(1904 - 1989)
Spanish painter, graphic artist, filmmaker, writer.
A modern master of the surreal arts, Salvador Dali's works continually challenged convention by questioning the antithesis of surrealism: our normal sense of the "real."
Surrealism's objective was to make accessible to art the realms of the unconscious, irrational and imaginary. An expansive movement that extended beyond the canvas, Surrealism embraced literature, music, cinema, philosophy and popular culture. Dali's works drew inspiration from fellow Surrealists, such as Giorgio de Chirico, Max Ernst, Joan Miro...

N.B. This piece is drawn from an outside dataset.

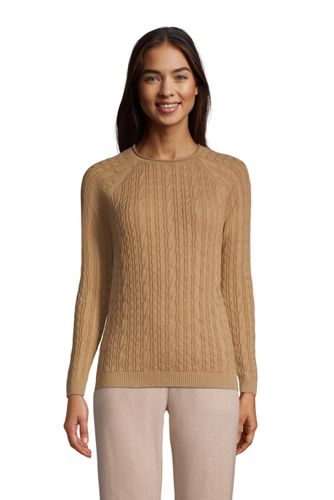 Baumwoll-Zopfmusterpullover mit Rollblende, Damen, Größe: S Normal, Braun, günstig online kaufen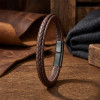 Kahve & Kahve Saç Örgülü Deri Ve Titanyum Kilit Çelik Bileklik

Dali, who carried on a friendship with Pablo Picasso throughout their lives, transformed Picasso’s famous "Tauromaquia Suite" of 1957-59 which shows both the drama and the spectacle of the sport. Spanish-style bullfighting is normally fatal for the bull, and it is very dangerous for the matador. The aesthetic of bullfighting is based on the interaction of the man and the bull. Rather than a competitive sport, the bullfight is more of a ritual which is judged by aficianados (bullfighting fans) based on artistic impression and command. Ernest Hemingway said of it in his 1932 non-fiction book Death in the Afternoon "Bullfighting is the only art in which the artist is in danger of death and in which the degree of brilliance in the performance is left to the fighter's honour."